Results in the same zone as in Fig. 4, superimposed on the satellite image where in white the plots labeled vineyard by both the RPG and our method, in red our prediction not present in the RPG and in green the elements we missed. (Color figure online)

Table 1. Evaluation of the STR classification on Obernai.

Segmentation. It will be performed at the pixel level. As we have a manually checked ground-truth, it is also possible to compute the evaluation for the RPG, enabling a comparison with our proposal. Besides, for the chosen region, it exists for the East side of France a manually labeled topographic database OCS GE2 ©GeoGrandEst, 2019 containing landuse/cover map with plots of vineyards.

The three segmentations are then compared to our ground-truth and the results are provided in Table 2. If the STR classification was limited to 0.88 in Table 1, thanks to the several curves passing through the pixels, the segmentation results are increased to 0.97. We can observe that our precision is lower than in the other maps, but our recall is much larger than the recall of the RPG and the global recognition rate is higher. The level of our results, obtained in an automatic way, nearly reach the evaluation computed for the OCS GE2 that has been manually labeled by experts.

Table 2. Evaluation of the segmentation on Obernai at the pixel level.

Figure 8 illustrates the differences between our results and the RPG. In white are the joint label vineyard, in red is the vineyards we predict and is not contained in the RPG and in green the vineyard present in the RPG that we missed.
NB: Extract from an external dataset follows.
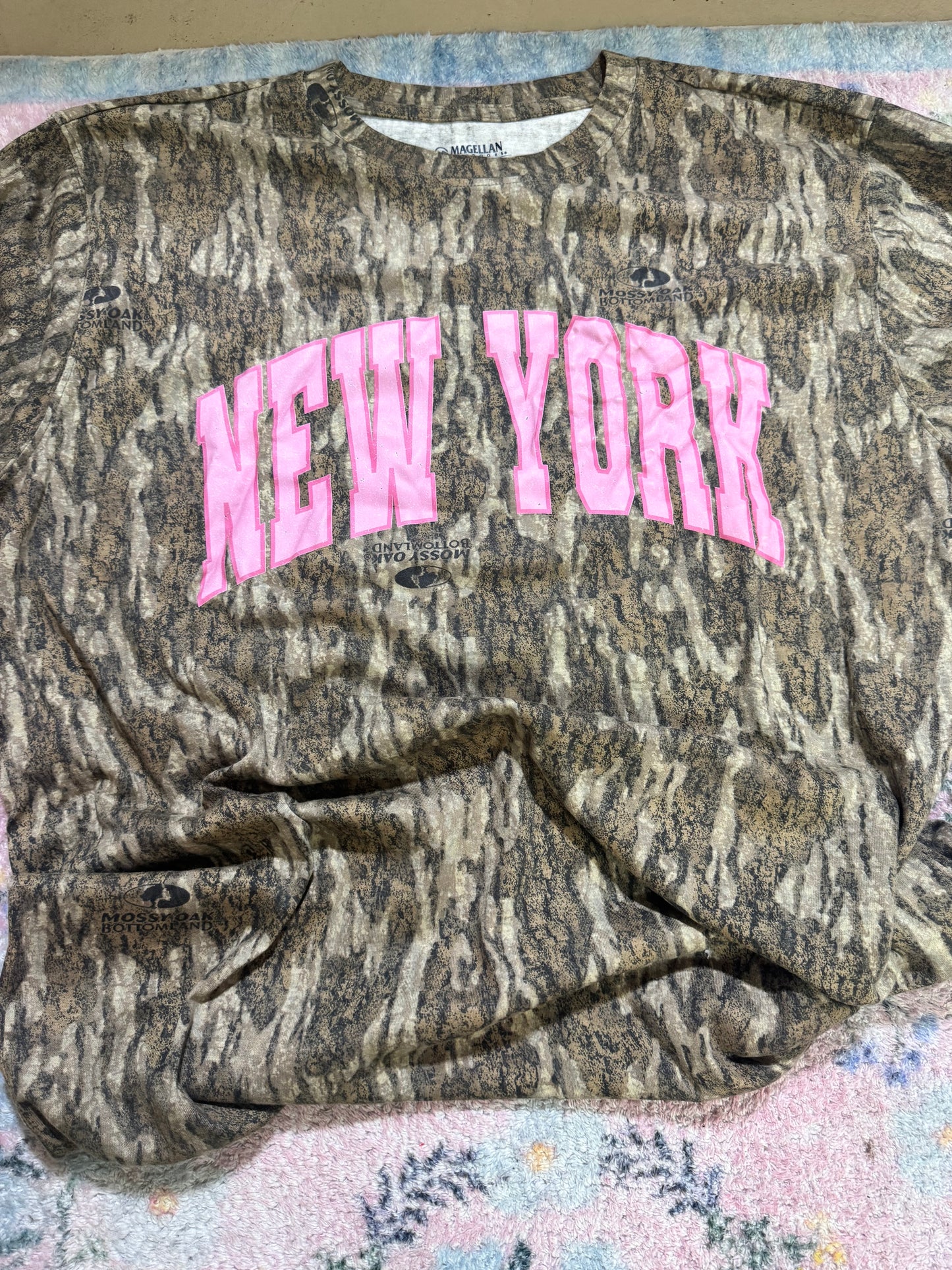 New York Camo Tee | L | READY TO SHIP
Most of the new predicted vineyards are really vineyards.

RPG Correction. Until now, we have achieved the segmentation thanks to a system trained to differentiate vineyard from everything else. Then vineyards can be segmented in any region. In this new study, we take advantage of the RPG in the new region (Obernai) and we learn the CNN with supplementary epochs using STR from Obernai, before we apply the system on the same region. Results are reported in Table 3. The STR classification system has been updated with respect to the RPG in the region. No other hyperparameter has been changed. It can be observed that the recall has been increased, better than in the general case, but precision is decreased. As the aim is to recover the non-labeled vineyard plots, this new system is improved compared to previously.

Table 3. Correction of the RPG on the Obernai region at the pixel level.

4 Conclusion

From this study, we can give several conclusions, either from a methodological point of view or from the applicative point of view. Through the use of 2D data representations that we can develop in large quantity, deep learning is made possible. These data contain both spatial and temporal information making possible to study crop classes that are characterized by structural texture and this is done in a rotation invariant way. We have showed that the Deep-STaR model built in a classification context can be extended to solve a semantic segmentation task. Here only two types of regions are considered but the number of types of regions can be extended to deal with the semantic segmentation of other types of agricultural crops. We have also highlighted that, thanks to a two-step process, a poor quality annotation can be improved or used in a learning process and a redundancy process introduced by the multi-view aspect.

Our methodology can be applied to other applications, for example in radiology where imaging modalities lead to 3D images. Video analysis in the context of the localization of violent areas is another perspective. Besides we think important to deeper analyze the filters leading to spatio-temporal features to better understand the properties of the model that is built.